Infine i nuovi stadi per il calcio, che risolverebbero in parte anche il problema del Foro Italico. Si può amare o no il pallone, ma non si può negare che lo stadio in tutto il mondo sia il grande teatro di massa del XXI secolo per lo sport e lo spettacolo. Gli stadi per il calcio, che comportano l’affollamento di decine di migliaia di persone vanno previsti lontano dal centro, dove spesso non esistono infrastrutture per la mobilità né servizi. Quindi le società sportive che lo vogliono realizzare non solo dovranno finanziarne la costruzione ma dovranno anche realizzare la viabilità di accesso e le necessarie infrastrutture pubbliche. Riferendoci all’area di Tor di Valle per lo Stadio della A.S. Roma si conferma la necessità di un accordo pubblico-privato che, a costo zero per il Comune, dovrebbe finanziare la mobilità con il potenziamento di due stazioni della metropolitana, l’adeguamento di via Ostiense in attesa da anni, una bretella di collegamento con l’autostrada, la mitigazione di un rischio idraulico in aree limitrofe e un parco pubblico; ovviamente con una componete di utile immobiliare che finanzi tutto questo, oltre lo stadio con i suoi servizi. Scandalizzarsi per queste procedure vuol dire essere fuori dalla realtà di una economia di mercato che, volenti o nolenti, ci coinvolge tutti.
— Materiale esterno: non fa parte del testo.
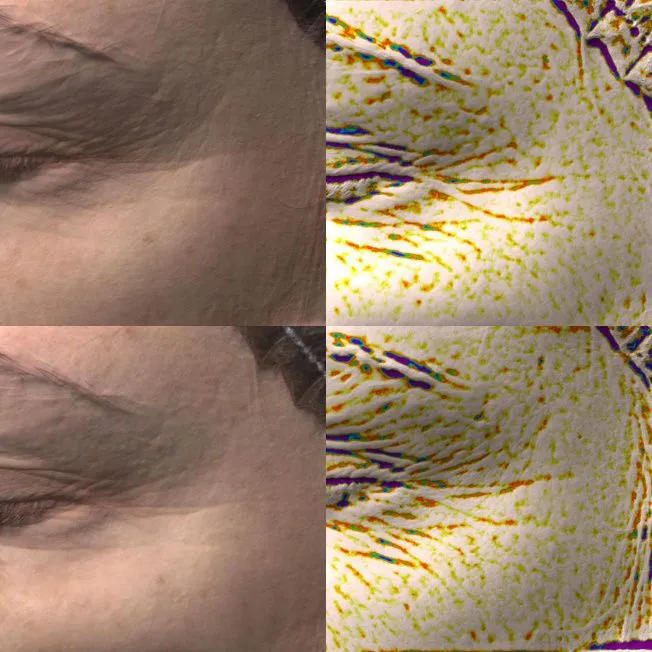 Биореструктуризация препаратом ARES Anti-Age фото до и после 4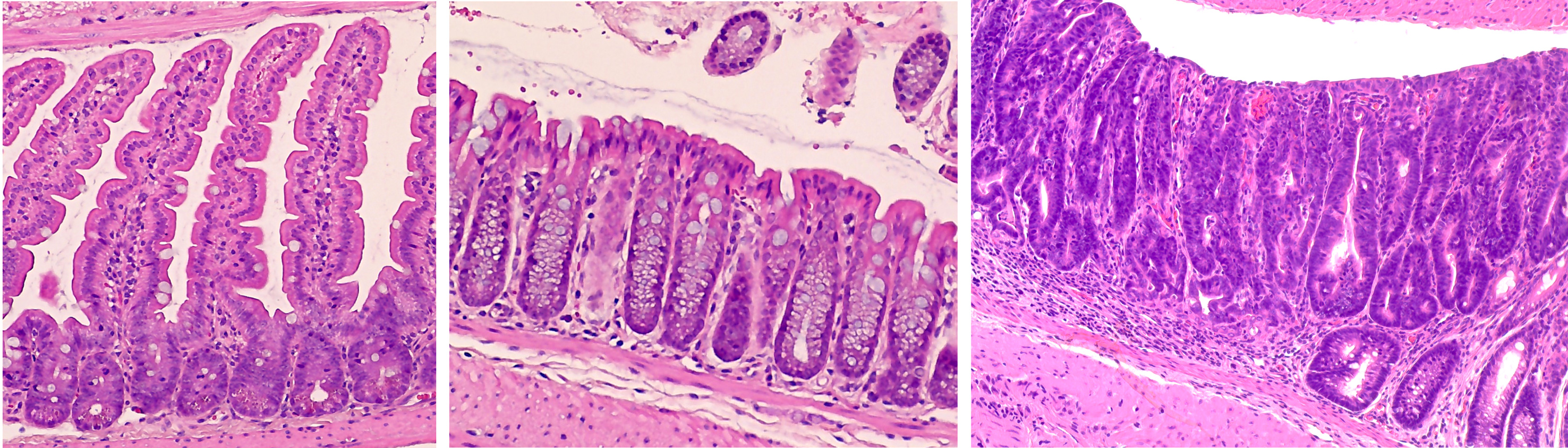 Hematoxylin and eosin staining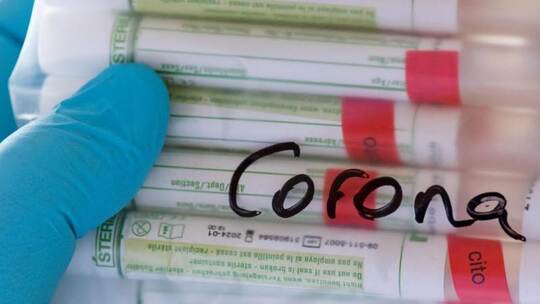 Proben für Corona-Tests werden für die weitere Untersuchung vorbereitet. Die Zahl der Infektionen nimmt in Deutschland w Proben für Corona-Tests werden für die weitere Untersuchung vorbereitet. Die Zahl der Infektionen nimmt in Deutschland w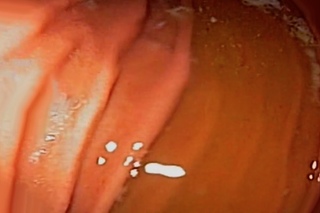 Gastroscopy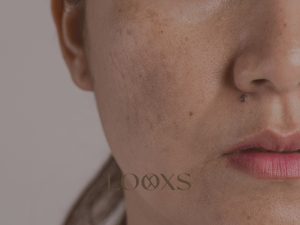 Pigmentvlekken op de wang – Looxs The Skin Studio in Echt (Limburg)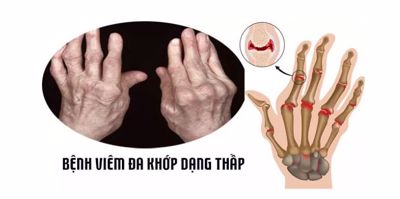 Các giai đoạn phát triển của bệnh viêm khớp dạng thấp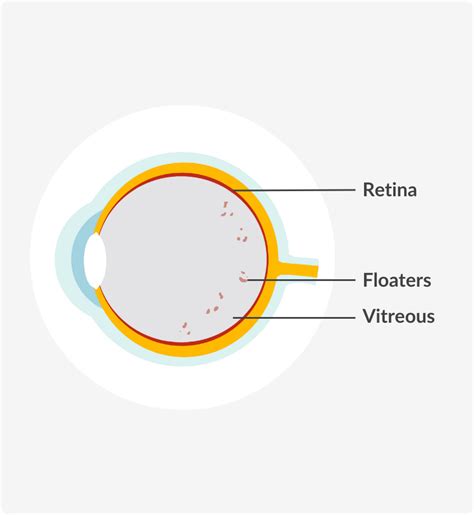 Image result for Eye Floaters Under Microscope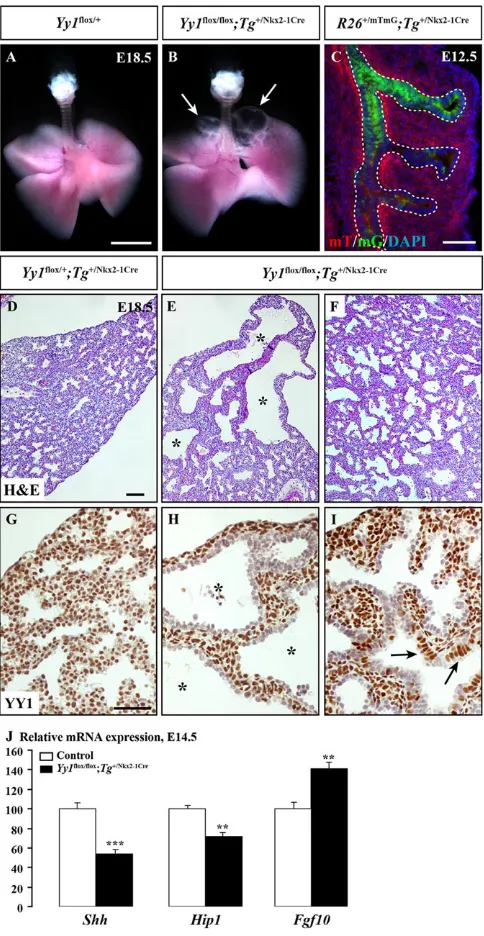 Fig. 5. Yy1of the lobes (arrows). (C) A robust Cre activity was detected in the proximalrespiratory epithelium from E12.5 inactivation in the developing lung endoderm with the Nkx2-1Cre transgenic mouse line causes cyst formation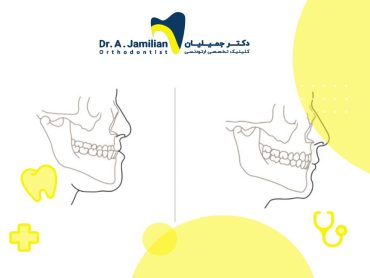 قبل و بعد از جراحی جلو آوردن فک بالا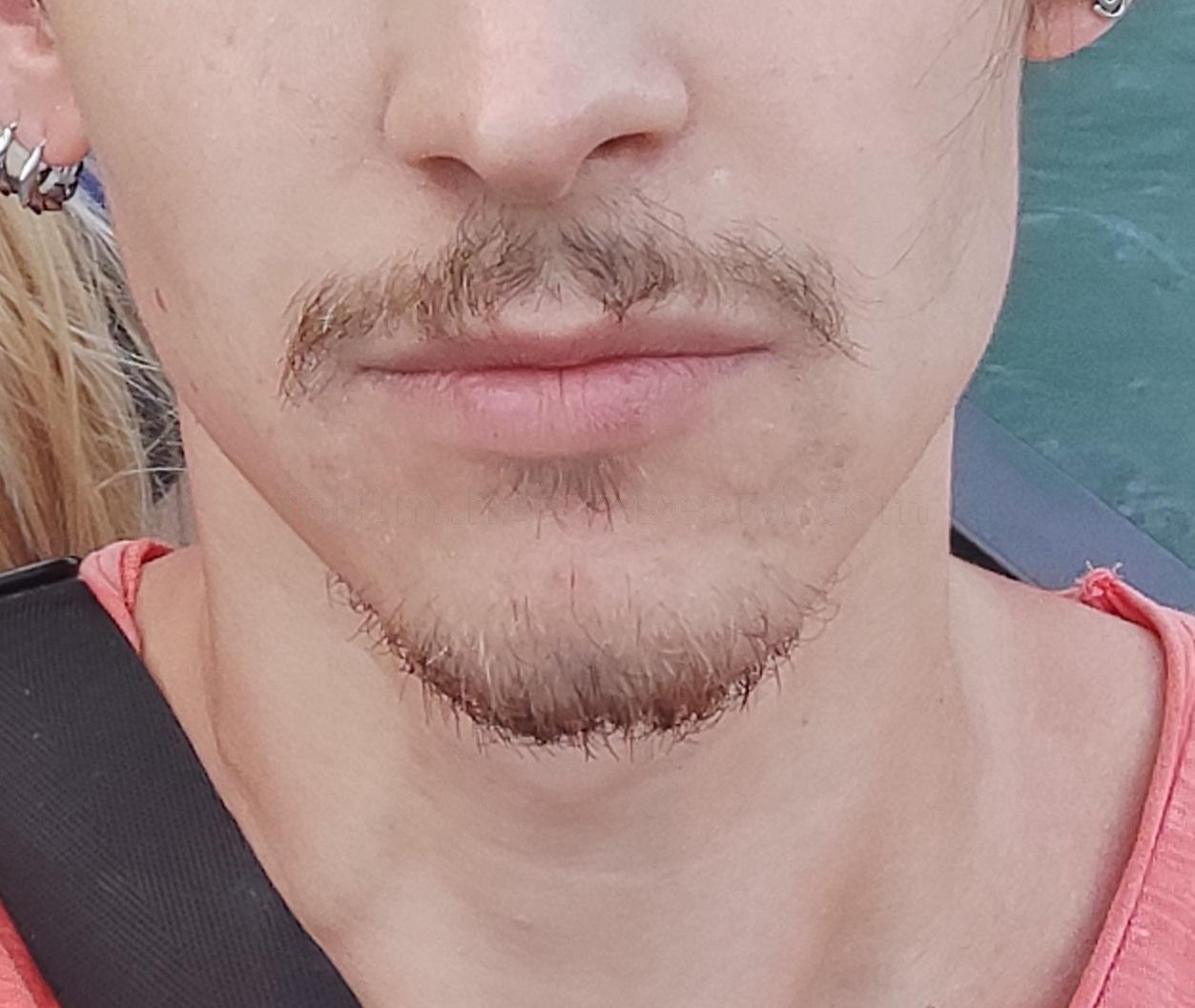 minox_before.jpg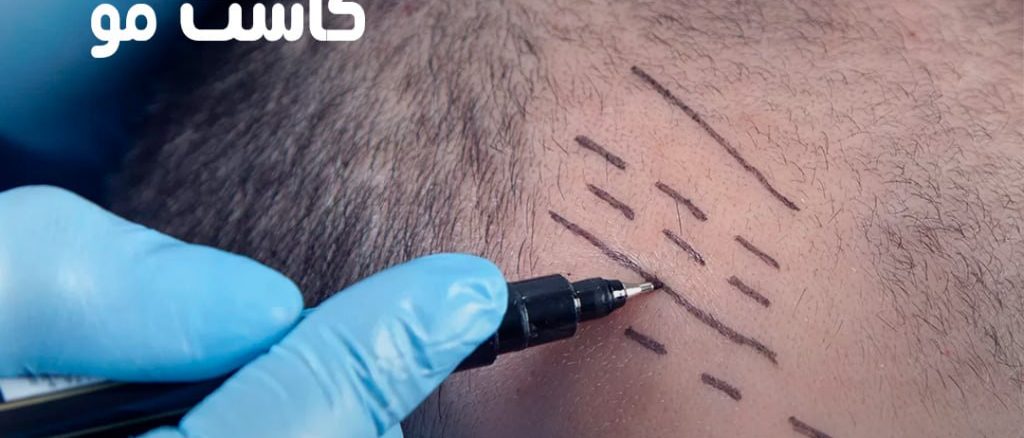 خدمات کاشت مو: روش‌ها، مزایا و هر آنچه باید بدانید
Ricordando l’E42, l’Esposizione Universale incompiuta che avviò la costruzione dell’EUR; le Olimpiadi del ’60 che oltre al quartiere modello del Villaggio Olimpico, realizzarono le uniche opere pubbliche in una città, fino ad allora, riempita solo di palazzine, il Giubileo del 2000 che risolse molti problemi di mobilità urbana; ma anche pensando alla Esposizione di Genova del ’92, ai Giochi Olimpici Invernali di Torino del 2006, o all’Expo’ di Milano dell’anno passato, tutte città risorte dopo anni grigi, penso che, soprattutto per trasformare Roma, ci vorrebbe un grande evento. Perché purtroppo in Italia – e a Roma in particolare – solo con i grandi eventi arrivano risorse e si sconfigge la burocrazia.
Questo e molto altro ancora ci si aspetta da una amministrazione comunale e dagli assessori che si insediano con lo slogan di salvare Roma. Per ora conosciamo solo i nomi e il curriculum, aspettiamo di conoscere quello che faranno.